II. Was erwarten die KA-Organisationen vom KA? D.h. unter welchen politischen und strukturellen Voraussetzungen und mit welchen Zielen wollen sie aktiv im KA mitarbeiten? Was wollen sie selbst dazu beitragen?
III. Wie kann eine demokratische Auftragserteilung für diesen Kreis durch die Friedensgruppen im Lande erfolgen?
sowie die Fragen aus einem Brief von Dr.

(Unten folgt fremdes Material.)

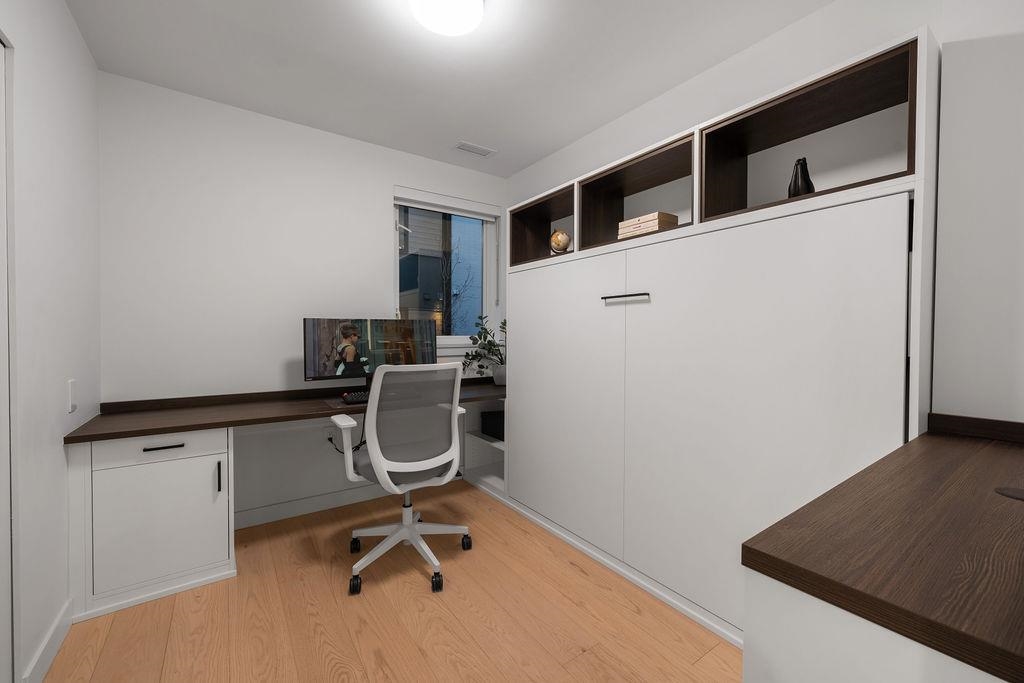 Hot Tub / Spa Photo of 223 650 E 2nd Street, North Vancouver, BC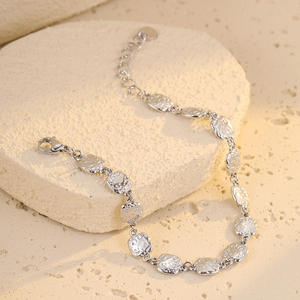 Elegant Versatile Stainless Steel Square <b>Hammered</b> Gold Bracelet for Women Long-lasting High-End Jewelry Fine Charm - Product Image 3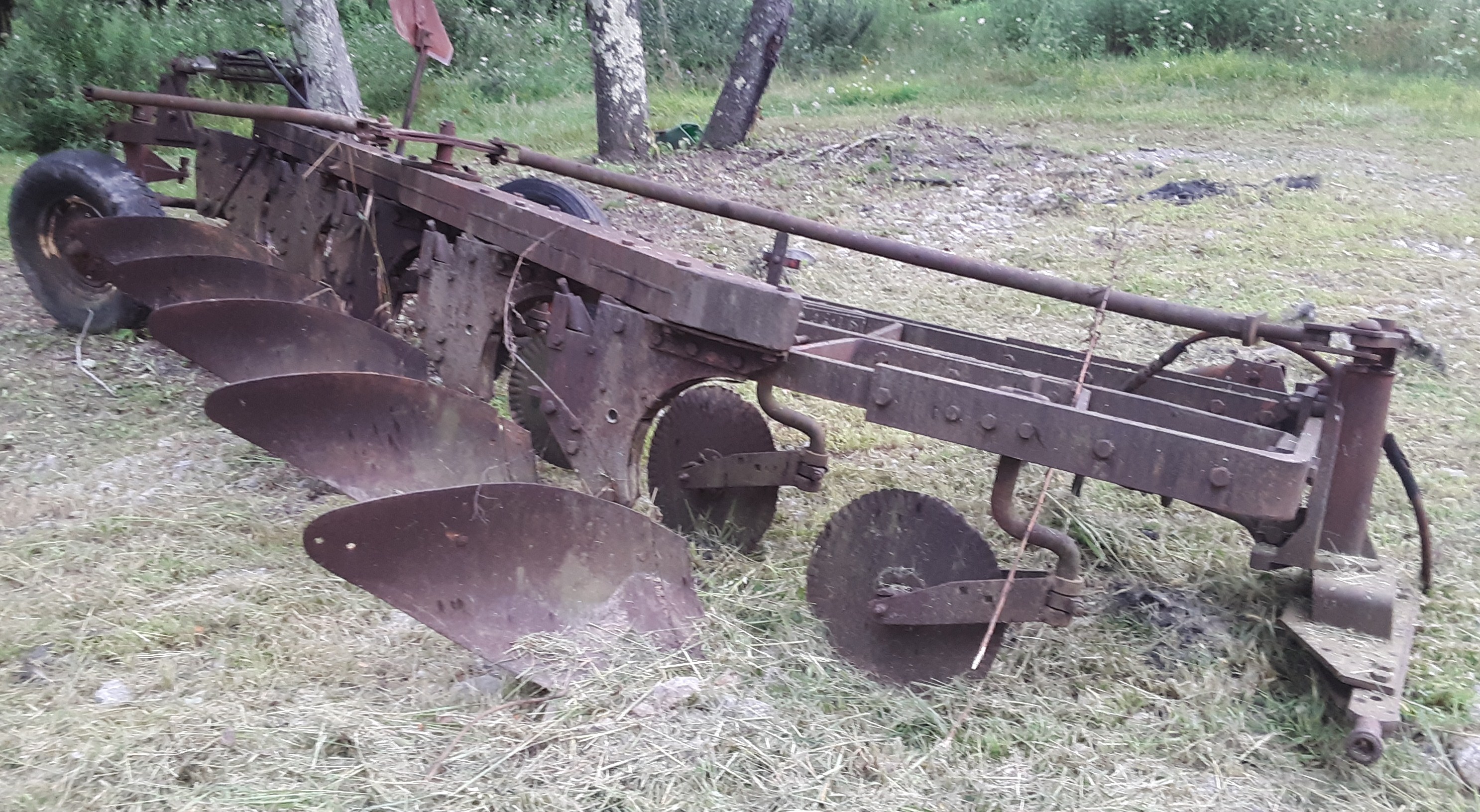 OLIVER PLOW Burgh Implement Store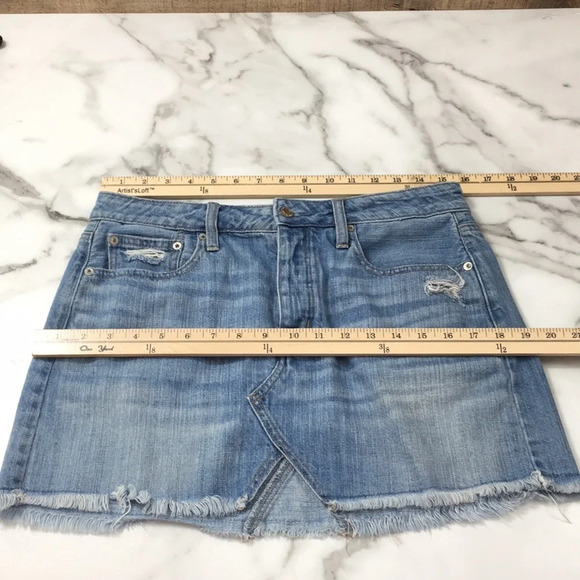 American Eagle Cut Off Mini Jean Skirt Womens 8 Light Wash Button Fly - Picture 11 of 12
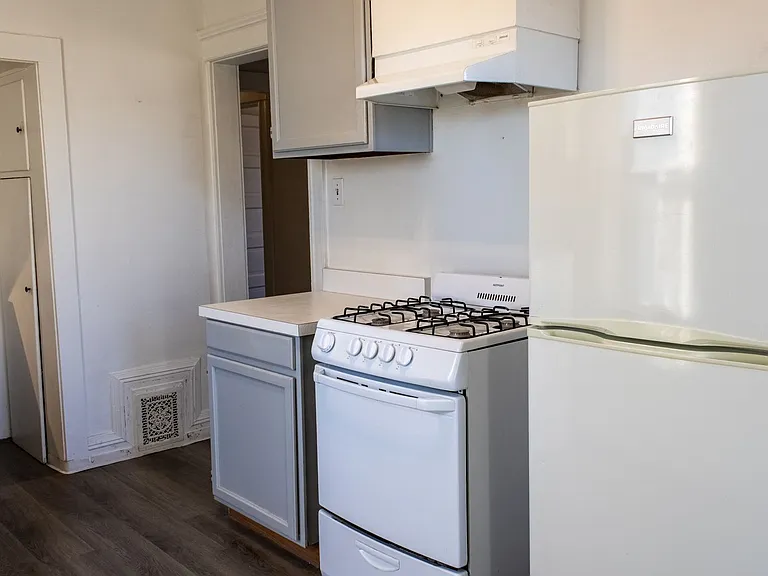 Renovated Apartments in West Wash Park — Photo 9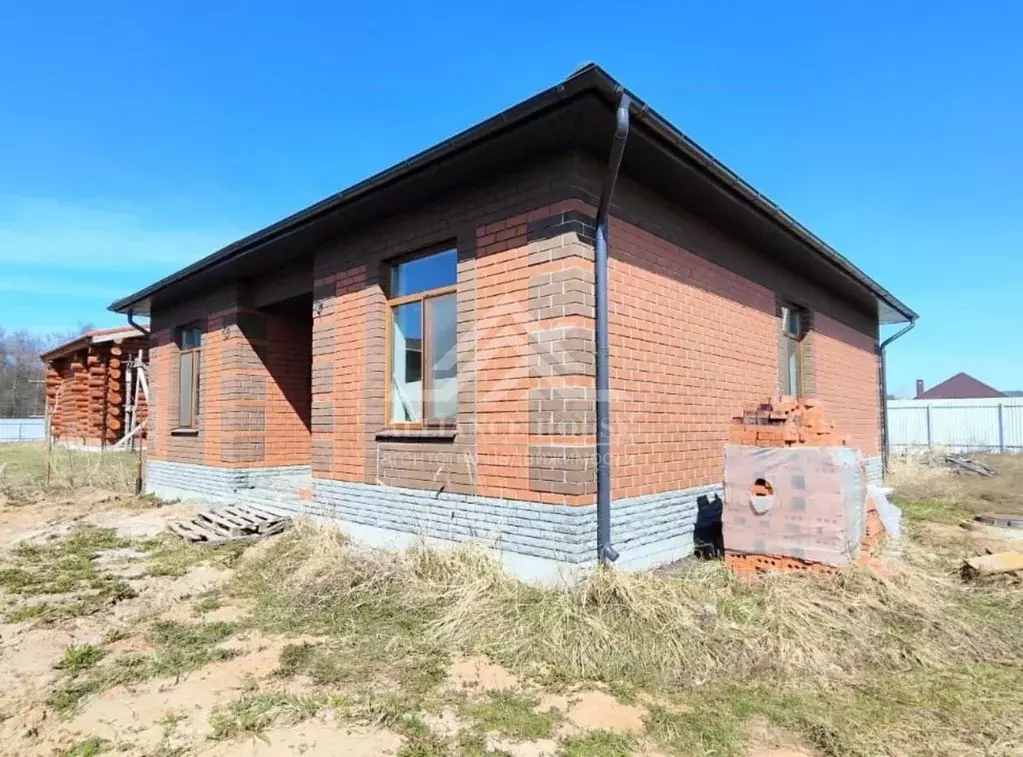 Дом в Татарстан, Лаишевский район, Столбищенское с/пос, с. Усады ул. ... - Фото 1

Horst Meyer (Sportlerinitiative) an den KA:
1. Für welche Basis der Friedensbewegung nimmt der Koordinierungsausschuß verbindliche Aufgaben wahr?
2. Kann sich der Koordinierungsausschuß aufgrund noch bestehender Strukturen noch glaubwürdig zu weitgreifenden Fragen der Friedenssicherung äußern und sie glaubwürdig vertreten?
3. Welche Verbindungen gibt es zu örtlichen, regionalen und den berufsbezogenen Friedensinitiativen und wie finden sie Berücksichtigung in der Meinungsbildung des KA?
4. Sind die Aufgabenschwerpunkte im Hinblick auf eine sich ändernde Einstellung der Bürgerinitiativen zu Abrüstungsfragen noch zeitgemäß?
5. Welche Fachkompetenzen sind beim KA angesiedelt, um die Zukunftsthemen:
- Umweltschutzmaßnahmen statt Rüstungskosten
- Vertrauensbildung statt Feindbilder im Sinne des "Neuen Denken"
- Maßnahmen der Völkerverständigung im "Gemeinsamen Haus Europa"
- Zukunftsplanung für nationale und europäische Sicherheitspolitik?
6. Wer nimmt innerhalb des KA die Verantwortung für die Aktualisierung friedenspolitischer Aufrufe und Stellungnahmen wahr?
Die Diskussion wird voraussichtlich mit der Sitzung am 29.9. zwar nicht abgeschlossen sein können. Dennoch wäre es wichtig, wenn bis dahin, besser noch bis zum 16.9. für eine rechtzeitige Verschickung an die KA-Organisationen, viele Stellungnahmen, Ideen und Vorschläge von außerhalb des KA kommen würden.